Une entreprise est organisée verticalement, les salaires les plus élevés se concentrant vers le haut de la pyramide. Ceci est censé attirer les “talents” vers les postes à responsabilité. Aujourd'hui, il semblerait que ces talents soient majoritairement détenus par des hommes blancs issus de milieux favorisés.

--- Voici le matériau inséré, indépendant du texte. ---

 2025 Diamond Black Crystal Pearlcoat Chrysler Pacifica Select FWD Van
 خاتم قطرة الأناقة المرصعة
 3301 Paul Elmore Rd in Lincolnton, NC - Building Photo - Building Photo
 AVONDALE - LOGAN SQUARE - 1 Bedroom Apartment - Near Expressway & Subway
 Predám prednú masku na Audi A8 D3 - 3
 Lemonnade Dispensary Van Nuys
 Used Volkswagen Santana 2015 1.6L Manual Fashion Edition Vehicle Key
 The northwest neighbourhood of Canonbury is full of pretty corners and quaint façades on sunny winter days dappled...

Cette hiérarchie implique des supérieurs et des inférieurs, des ordres qui sont émis en haut et exécutés en bas. Difficile d'imaginer toutes les répercussions psychologiques d'une telle répartition des rôles, qui généralement ne change pas trop au cours d'une vie. Mais on peut suggérer que les effets sont humiliants et infantilisants pour le bas de la hiérarchie. En haut, l'égo est exagérément boosté, chez des cadres qui parfois, en revanche, peuvent souffrir de porter à eux seuls une charge de travail et des responsabilités qui devraient être partagées.

Parfois, dans les petites entreprises, la hiérarchie semble s'effacer, généralement par souci d'efficacité et de convivialité. Mais, en fond, les rapports ne sont pas naturels, et on ne se permettra pas de répondre de la même manière à un collègue, qu'à un supérieur.

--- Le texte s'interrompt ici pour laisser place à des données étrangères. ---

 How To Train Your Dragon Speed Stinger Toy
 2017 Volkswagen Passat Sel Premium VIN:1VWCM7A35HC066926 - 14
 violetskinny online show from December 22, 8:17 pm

Cet état de fait habitue une large partie d'entre nous à être écartés des prises de décisions, réduits à de simples exécutants, tandis qu'une minorité s'habitue à décider pour les autres. Les défauts de notre démocratie actuelle ne sont sûrement pas étrangers au pouvoir tyrannique exécuté par et dans les entreprises.

La spécialisation

Un autre trait caractéristique de l'organisation du travail est sa spécialisation. C'est-à-dire que chaque employé réalise une tâche précise au sein de l'entreprise, et rien d'autre. Au bout d'un moment, c'est chiant.

Alors, on change de poste, mais l'ennui s'installe à nouveau, car quel que soit le boulot, il reste toujours le même. Nos carrières sont un peu à cette image, et nous nous spécialisons en général dans une certaine voie. Parfois nous finissons par devenir bons dans notre métier, en revanche, toutes nos autres compétences sont à coup sûr sacrifiées. Oubliant notre curiosité, notre ouverture d'esprit, nos désirs d'évolution et de nouveauté, nous nous enfermons dans des gestes identiques, répétés à l'infini. L'esprit est abruti et le corps abimé.

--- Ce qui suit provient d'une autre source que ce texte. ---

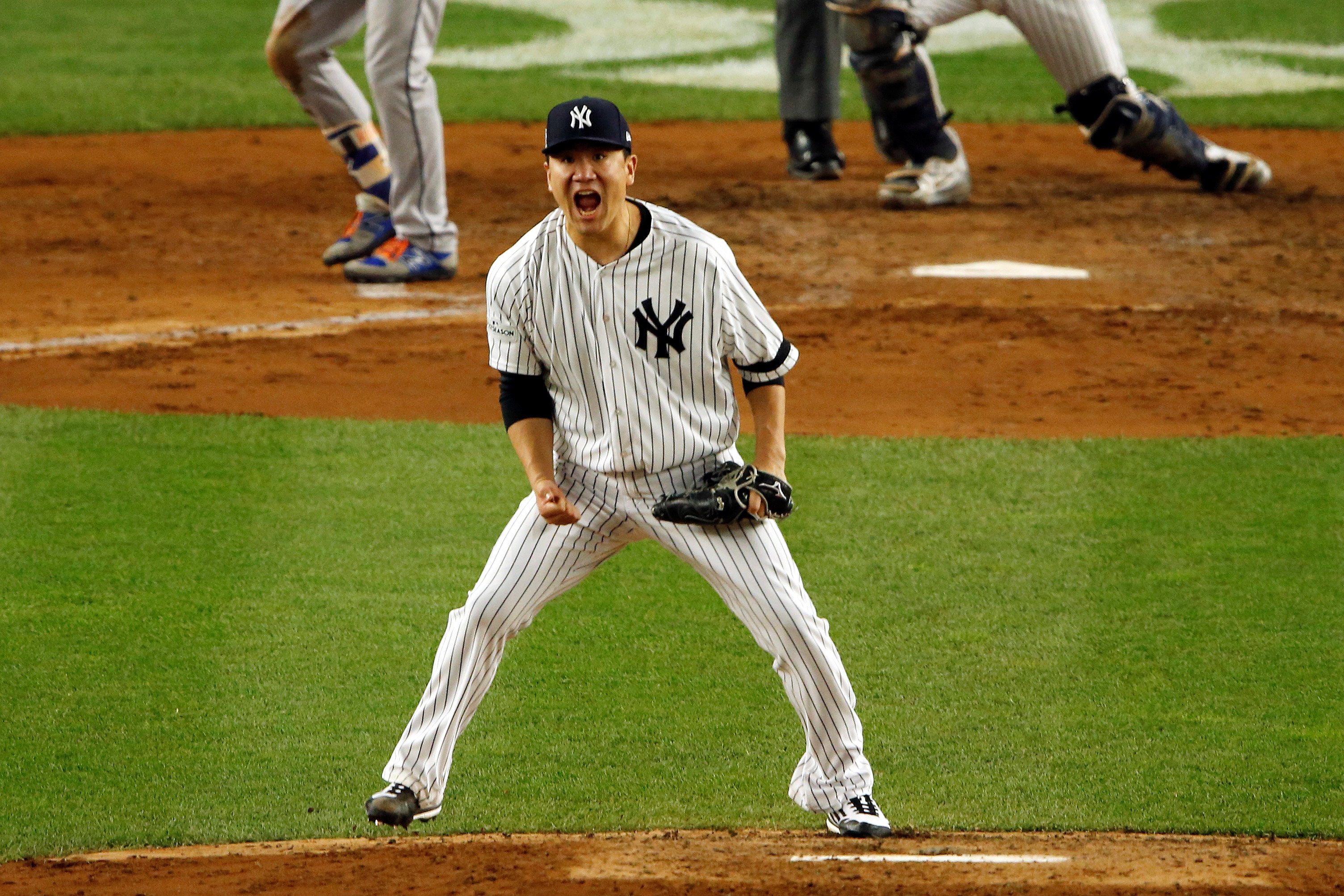 Tanaka y Sánchez ponen a los Yanquis a un triunfo de la Serie Mundial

Cette spécialisation a un autre effet pervers. A l'image de la hiérarchie qui justifie et maintient la domination masculine, blanche et riche, la spécialisation permet de réserver certains secteurs d'activité à certains “types” de personnes. Notamment, les tâches les plus dévalorisées socialement, seront réservées aux personnes les plus dévalorisées. Le nettoyage, la surveillance, le bâtiment sont donc réservés aux personnes étrangères et pauvres. Le secrétariat sera réservé aux femmes, et ainsi de suite.

Le travail en miettes

Notre labeur est répétitif et sa portée extrêmement réduite, à la limite de l'insignifiance; il est compliqué pour nous de nous apercevoir en quoi nous contribuons à ce tout, qu'on appelle société.

Chacun exécute sa tâche, sa fonction parcellaire, sans avoir aucune prise sur la finalité de son travail, ni sur la totalité.

L'intelligence, la communication, la solidarité sont brisées. Le sens de notre vie nous échappe, tout comme notre avenir, à commencer par l'instant présent.

En fin de compte, c'est la société qui est en miettes. Elle ressemble de plus en plus à un agrégat d'individus solitaires, oscillant entre fatigue et insouciance.